The first requirement of writing marketable articles is that you must choose a timely topic that creates a lot of interest. No matter how well you write the article, its subject must zero in on the publication’s readership. That is the primary basis on which editors judge quality marketable content—is the article of interest to the editor’s target readership?
How to create interest
Creating interest in your article depends on three elements:
1. Subject matter of the facts, events or information
2. Manner in which they are related
3. Type of reader.
Of these three, you must consider the first element as most important because of the utilitarian nature of the writing. The second element simply adds to or detracts interest of the subject matter. If you decide to freelance for a newspaper or online news site, then the third element may be beyond your control. If you decide to freelance for a magazine, trade journal, or a niche website, you can usually choose your audience and write directly to certain echelons of readers.
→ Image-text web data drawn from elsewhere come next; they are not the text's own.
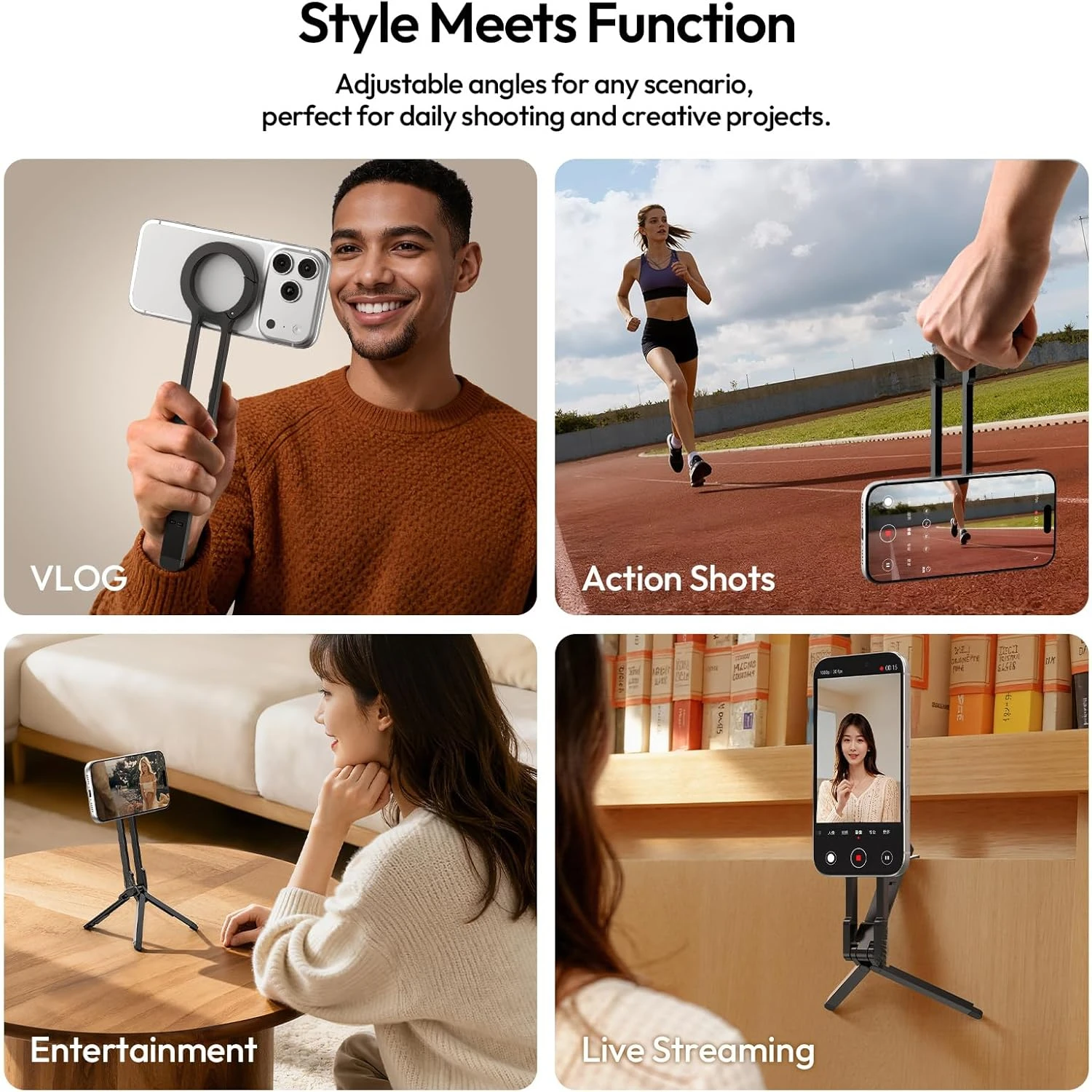 Magnetic Phone Tripod  Mini Stand, - Image 5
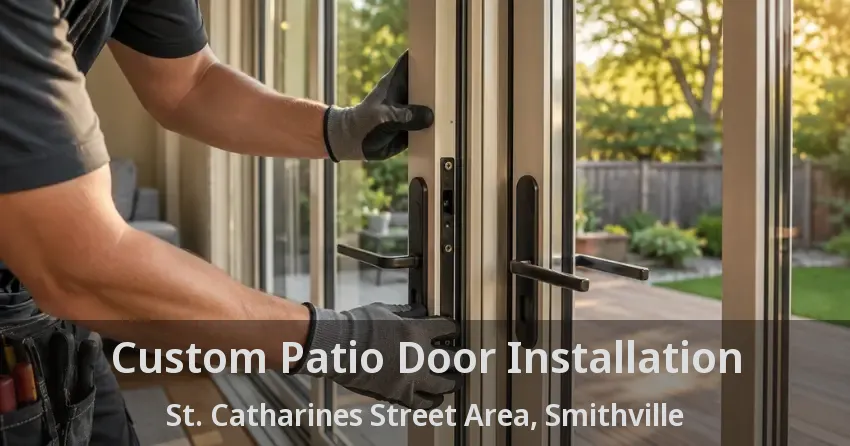 Custom Patio Door Installation St. Catharines Street Area, Smithville - ON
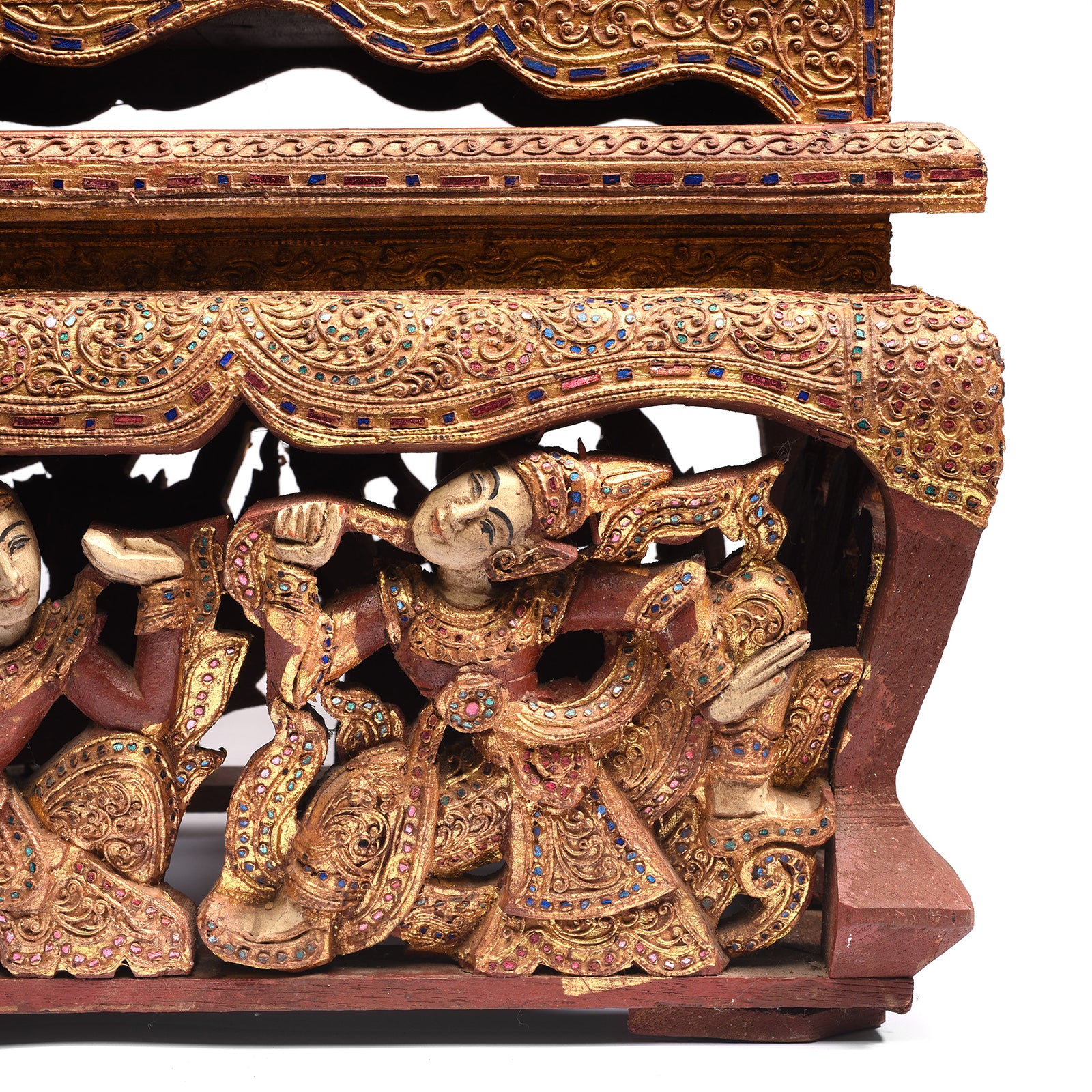 Gilt Wooden Burmese Manuscript Box - Mid 20th Century - Image 9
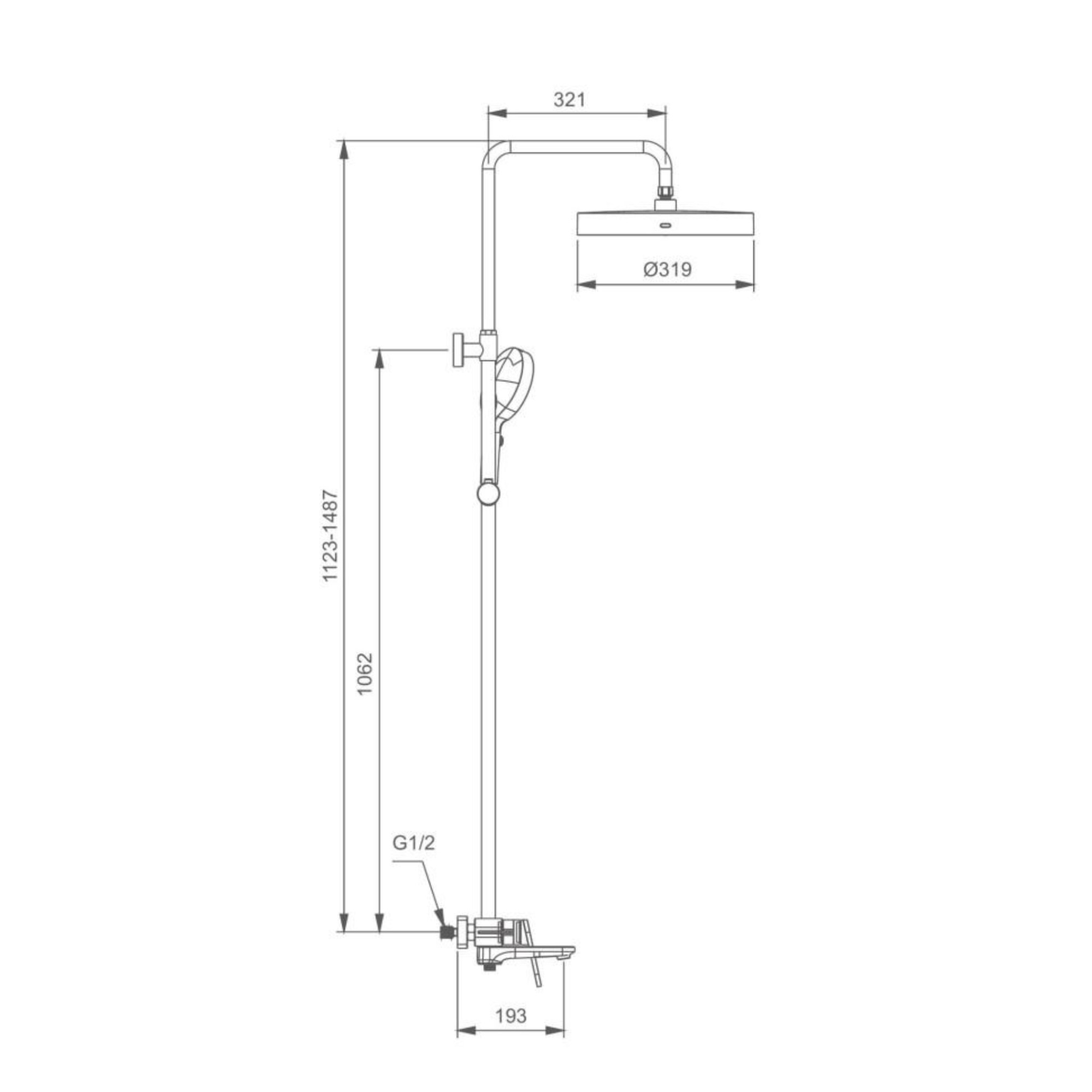 Душевая система Gappo G2427-3 фото-3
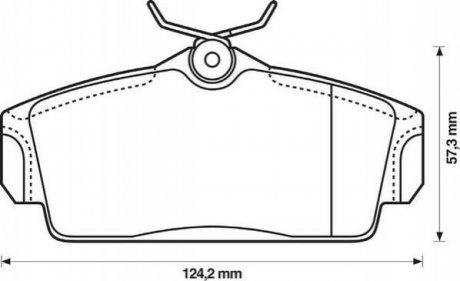 NISSAN Колодки гальмівні передні PRIMERA 2.0 16V 96-02 Jurid 572422J (фото 1)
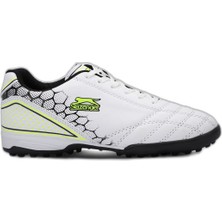 Esplendor Slazenger Danger I Hs Erkek Çocuk Halı Saha Beyaz / Yeşil Futbol Ayakkabısı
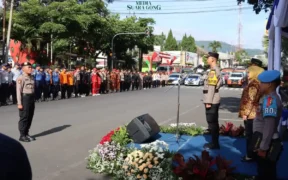 Polres Batu Gelar Apel Operasi Ketupat Semeru 2025 untuk persiapan penjagaan, di momen mudik lebaran dan libur panjang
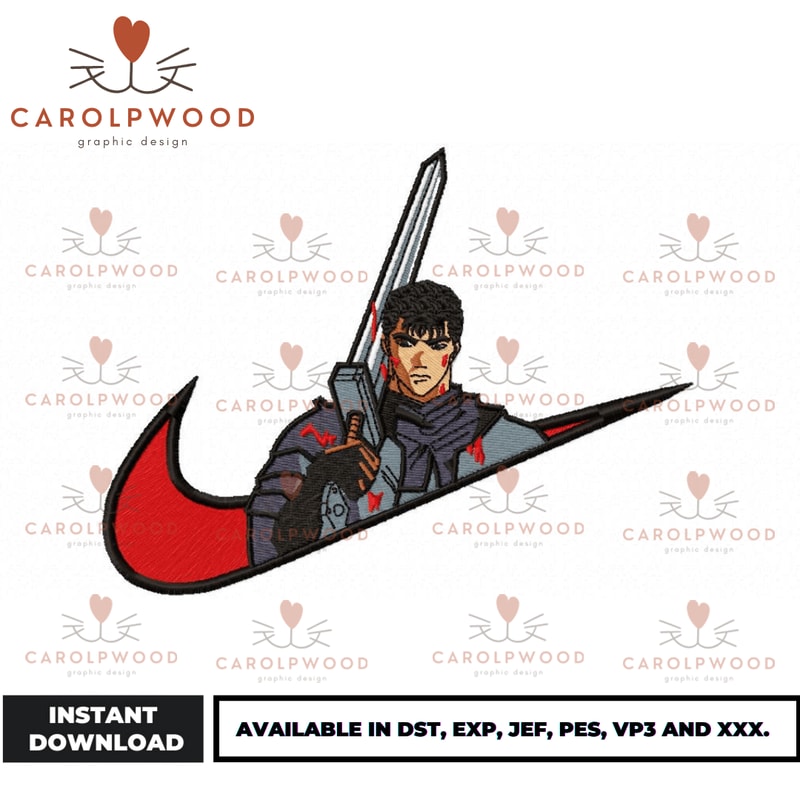 Anime Embroidery Design - Embroidery Market 1541.png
Nearly every person wants to feed their desire to know what is going on around them. They peruse the Internet, read the newspaper, watch T.V., and text message their friends to stay alert on current trends, events and news. They are interested in things that are happening now, or this morning, or before they go to bed.
The fact that the event “just happened” is sufficient to interest most persons. We live in the present. The events of today, or even this hour as you read this, continually crowd out yesterday’s events from our minds. One of the first elements of interest, therefore, is timeliness.
The average reader is more interested in events that take place near him than those at a distance. The fact that a burglar entered a house on your street and stole $500 worth of lingerie is much more interesting than reading about a crazy person robbing $10,000 from a bank in another city.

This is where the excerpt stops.